The Federal Reserve is considering reversing decade-old rule allowing banks to ship oil and storing metal. How it could influence commodity trading?
If the Federal Reserve reverses the rule allowing banks ship oil and store metal, it would be the biggest exclusion of banks from a market and it would put banks commodity-trading business in jeopardy.
Most likely, commodity prices would stabilized or even go lower, because of the heavy impact it will have on banks.
And for the banks, it would hurt profitability of the banks. The 10 largest Wall Street banks generated about $6 billion in revenues from commodities in 2012, including dealings in physical materials as well as related financial products. The banks impacted the most would be JPMorgan, Morgan Stanley and Goldman Sachs. Goldman Sachs held $7.7 billion of commodities as of March 31, 2013 and Morgan Stanley held $6.7 billion.
Next, it would bring tougher capital rules for banks, create lower trading volatility, lower trading volume and it might force banks to downsize employees in commodities. Morgan Stanley is already cutting 10% of its workforce in commodities. Commodities revenue at the 10 largest firms was already down 24% in 2012 and down 54% in the first quarter in 2013 from a year earlier.
Finally, banks would be forced to sell their warehouses networks and it would hurt employment and profitability of the cities where these warehouses located. One of these locations is already financially bankrupt, city of Detroit.
Now, letting banks store and ship physical commodities is a decade-old rule that came into play when Congress repealed the Glass-Steagall Act in 1999. The reasoning for the rule was that certain commodity activities are complementary to financial activities and permissible for bank holding companies.
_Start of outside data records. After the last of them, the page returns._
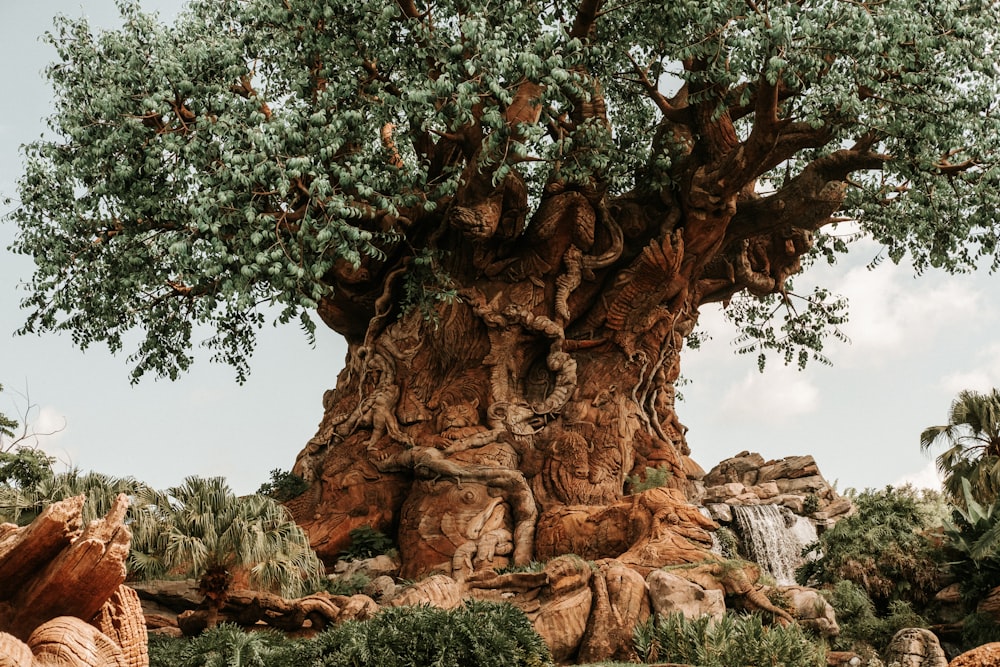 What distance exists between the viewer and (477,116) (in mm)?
15086

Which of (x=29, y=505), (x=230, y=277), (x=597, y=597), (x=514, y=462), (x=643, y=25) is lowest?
(x=597, y=597)

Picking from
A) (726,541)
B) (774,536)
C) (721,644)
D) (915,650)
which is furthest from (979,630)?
(774,536)

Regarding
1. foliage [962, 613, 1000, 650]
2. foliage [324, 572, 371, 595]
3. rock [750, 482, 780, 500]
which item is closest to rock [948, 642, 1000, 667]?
foliage [962, 613, 1000, 650]

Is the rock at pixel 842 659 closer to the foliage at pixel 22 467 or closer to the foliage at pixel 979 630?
the foliage at pixel 979 630

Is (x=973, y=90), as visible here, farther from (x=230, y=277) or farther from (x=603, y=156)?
(x=230, y=277)

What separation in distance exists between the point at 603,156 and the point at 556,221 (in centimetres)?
234

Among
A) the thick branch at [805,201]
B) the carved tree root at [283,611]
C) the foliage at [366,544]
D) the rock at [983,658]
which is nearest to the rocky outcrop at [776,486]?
the thick branch at [805,201]

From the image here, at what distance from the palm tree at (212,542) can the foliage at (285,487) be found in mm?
5358

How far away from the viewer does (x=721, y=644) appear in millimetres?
9758

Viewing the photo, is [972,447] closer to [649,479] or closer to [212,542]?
[649,479]

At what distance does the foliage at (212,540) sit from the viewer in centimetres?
1152

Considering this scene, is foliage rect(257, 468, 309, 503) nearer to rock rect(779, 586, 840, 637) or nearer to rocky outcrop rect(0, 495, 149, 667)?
rock rect(779, 586, 840, 637)

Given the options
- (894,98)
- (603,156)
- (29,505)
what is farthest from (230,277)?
(894,98)

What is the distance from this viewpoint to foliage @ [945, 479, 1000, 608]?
1294 centimetres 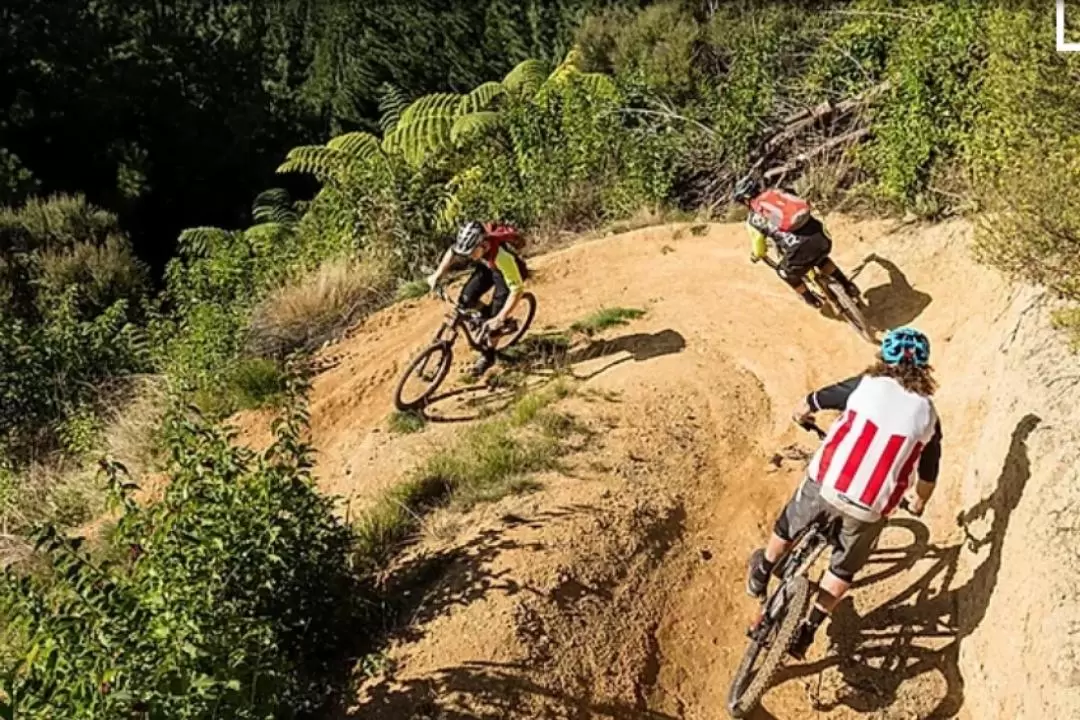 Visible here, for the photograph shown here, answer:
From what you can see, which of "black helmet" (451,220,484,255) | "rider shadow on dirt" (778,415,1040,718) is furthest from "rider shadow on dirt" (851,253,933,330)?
"black helmet" (451,220,484,255)

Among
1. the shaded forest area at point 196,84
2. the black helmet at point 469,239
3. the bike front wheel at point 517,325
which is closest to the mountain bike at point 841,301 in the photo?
the bike front wheel at point 517,325

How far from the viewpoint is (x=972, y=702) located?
5.90m

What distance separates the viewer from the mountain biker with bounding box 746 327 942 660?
5.55 m

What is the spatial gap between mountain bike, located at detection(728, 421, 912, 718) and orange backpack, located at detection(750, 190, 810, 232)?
3.94 m

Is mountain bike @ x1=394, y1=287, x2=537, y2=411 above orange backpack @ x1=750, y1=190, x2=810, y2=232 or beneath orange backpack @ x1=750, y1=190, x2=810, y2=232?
beneath

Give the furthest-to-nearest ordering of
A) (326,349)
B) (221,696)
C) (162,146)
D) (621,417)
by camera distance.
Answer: (162,146)
(326,349)
(621,417)
(221,696)

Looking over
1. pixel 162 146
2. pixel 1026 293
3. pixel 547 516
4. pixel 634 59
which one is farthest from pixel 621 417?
pixel 162 146

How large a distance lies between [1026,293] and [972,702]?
3164 millimetres

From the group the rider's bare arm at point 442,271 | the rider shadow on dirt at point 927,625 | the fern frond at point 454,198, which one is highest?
the rider's bare arm at point 442,271

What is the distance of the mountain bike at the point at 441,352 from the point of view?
9.49 metres

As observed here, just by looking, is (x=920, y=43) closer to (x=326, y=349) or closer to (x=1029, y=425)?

Consequently, right now banks involved in warehousing, storing, managing tankers, marketing, providing research, selling, trading commodities and similar services.
The Federal Reserve was silent on this issue for a long time. But after JPMorgan faced fines for potential manipulation of U.S. energy prices making at least $73 million in improper payments, Federal Reserve faced criticism and pressure from Congress.
On that note, the reasons for reversal of the rule are conflict of interests, undue concentration of resources, decreased or unfair competition, unsound banking practices, and manipulation of energy prices when banks control both supply of commodities and financial products. Also, Fed argues that it makes financial system less stable and more difficult to supervise for regulators.
If the Federal Reserve to prohibit banks to ship oil and storing metal, how it could influence commodity trading? What do you think?